„Die Schatzinsel – Das Musical“ zu den Greifenstein-Festspielen.
Auf solche kann man reichlich bei den Greifenstein-Festspielen 2019 stoßen. Erstaunlich, was die kleine Crew des Eduard-von-Winterstein-Theaters Annaberg da leistet! Allein drei Premieren mit einem Spektrum von der Fortsetzung der Räuber-Hotzenplotz-Geschichte, einem Rhythm-and-Blues-Night-Musical samt Live-Band bis hin zum Musical über eine berühmte Piratengeschichte. Dazu zwei weitere Stücke für Kinder, der „Heiße Sommer“ nach dem gleichnamigen DEFA-Film, das Elfen-Feuer als funkelndes Nachtspektakel und schließlich die klassische Operette mit Johann Strauß „Zigeunerbaron“ und dem idealen Gesangspaar Bettina Grothkopf (Saffi)/ Frank Unger (Barinkay). – Ein voller Terminkalender ermöglichte mir nur den Besuch des neuesten Highlights und der bewährten Operette. Hier soll sich auf den Traum des jungen Louis Stevenson konzentriert werden, der aus der Spießigkeit seiner Heimat ausbrechen will und sich ermuntert von seiner Liebe Fanny an eine Piratengeschichte wagt. Spannung also pur, wie das Annaberger Ensemble die Abenteuerreise ausgehend vom „Admiral Benbow“ mit Kapitän Smollett und Inselchef Captain Flint nach dem auch verfilmten Roman Robert Louis Stevensons umsetzt.
Von Frieder Krause
Die Musicalfassung von Dennis Martin (Musik), Christoph Jilo und Wolfgang Adenberg ist mit ihrer Vielfalt der Handlungsebenen und dem damit innewohnenden schnellen Wechsel der Darsteller für das Publikum durchaus eine Herausforderung. Da wird z.B. mancher Vater oder die Großmutter in Schwierigkeiten kommen, die Fragen des Nachwuchses erläutern zu können. Doch glücklicherweise hat man auf den Greifensteinen die Schätze des Annaberger Ensembles!

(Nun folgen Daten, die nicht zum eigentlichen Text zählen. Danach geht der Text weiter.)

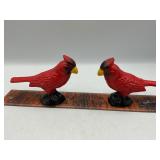 2 cast iron red birds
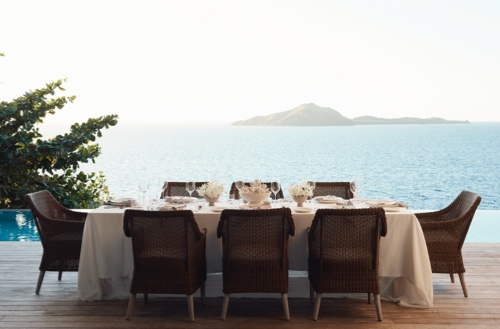 Table set up for dining at one of the Residences at Kokomo Private Island.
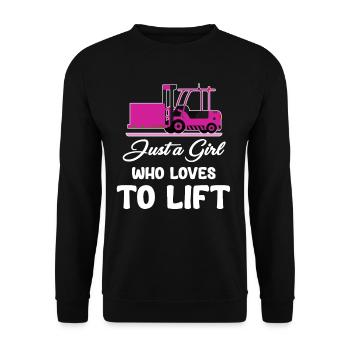 Just a girl who loves forklifts, - Unisex Sweatshirt - black - Front - Alina (178cm) & Michal (187cm)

Tamara Korber als Regisseurin vermag es, das Genannte so gut zusammenzufügen, dass man über die zwei Stunden Spiellänge nur wenig Orientierungshilfe braucht und man am Geschehen mit seiner Vielfalt an Traum, Dichterstreben, Piraterie und Liebe voller Spannung dran bleibt. Heutzutage ist durch moderne Medien meist Action gefragt und dies wird voll umgesetzt. Korber kann dabei auf ein engagiertes, spielfreudiges Ensemble bauen. Und es ist erstaunlich, wie viele Darsteller neben dem eigentlichen Ensemble für das Vergnügen am Geschehen bereitstehen. Sonderlob hier also für das Extraballett und alle Kleindarsteller! Mit Tilo Staudte (Bühnenbild), Annabel von Berlichingen (Kostüme), Jens Olaf Buhrow gibt es kongeniale Partner. Sigrun Kressmann (Choreographie) und Nenad Zanic‘ haben einen weiteren Löwenanteil am Gelingen der Aufführung.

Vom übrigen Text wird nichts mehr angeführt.